With her signature, singular love of language and sense of mystery, Blue Balliett weaves a story that takes readers from the cold, snowy Chicago streets to the darkest corner of the public library, on an unforgettable hunt for deep truths and a reunited family.~publisher’s comments.

Important: late Middle English: from medieval Latin important- ‘being of consequence’, from the verb importare ‘bring in’.  Adjective: of great significance or value, likely to have a profound effect on success, survival, or well-being; having high rank or status; significantly original and influential.
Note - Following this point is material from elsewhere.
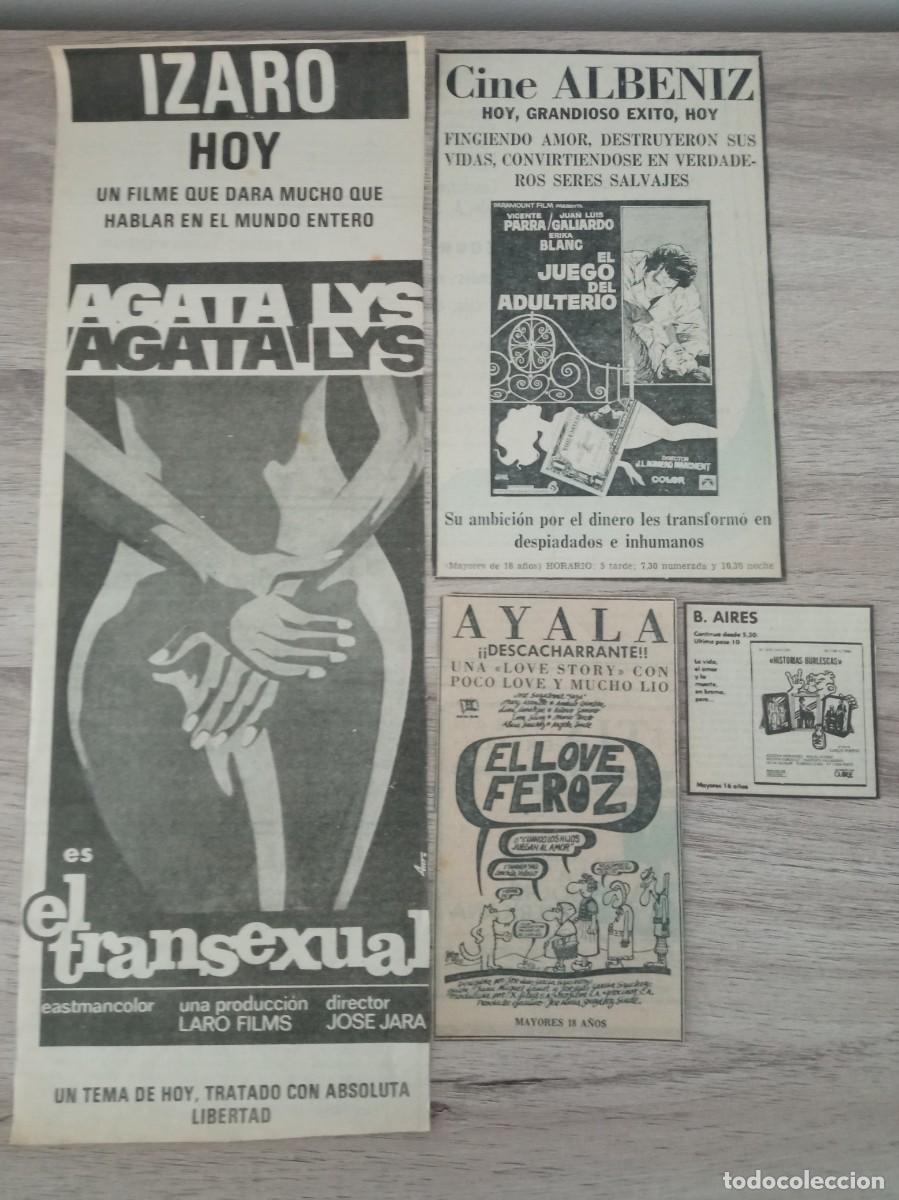 Cine: AGATA LYS Y M&ordf;JOSE CANTUDO, 4 RECORTES DE PERIODICOS ANTIGUOS, RESERVADO A.JESUS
I am sketching out a list of “important juvenile fiction books and authors.” You should know that I think books and writers are important period, but this list is for those who place intimate conversations of a social and creative consciousness into the hands of young people. Blue Balliett is located with indelible ink on this list. With Hold Fast, Balliett has used her considerable gift  to not only pen a compelling mystery, but to raise awareness for the plight of our homeless children. She also returns with her signature take on the brilliance of young minds. If you’ve read Balliett, you understand how singular she is, and she just keeps getting better and better.

Meet the Pearls:

“Taken with a cell phone camera, this family portrait: Dashel Pearl, his wife, Summer, and their kids, Early and Jubilation, a daughter and a son. They live in Woodlawn, once feared as the home of Chicago’s most powerful gang, but now a quieter place. The family sits in two tidy rows on the chipped steps of a brick building, knees to backs, parents behind kids, hands sealing the foursome. Boy by girl behind girl by boy: symmetrical and smiling. The father is pale, the mother dark, the kids cocoa and cinnamon. Eyes in this family are green, amber, and smoky topaz.” (5)

They live in the largest apartment they can afford: a one bedroom primarily furnished with found objects. Dashel gets around by bicycle year round to get to public transit.* She stays home with 4 year old Jubie. Early, 11, attends school. They are saving for a house, like the one they pass on family walks “that invites dreams” (7).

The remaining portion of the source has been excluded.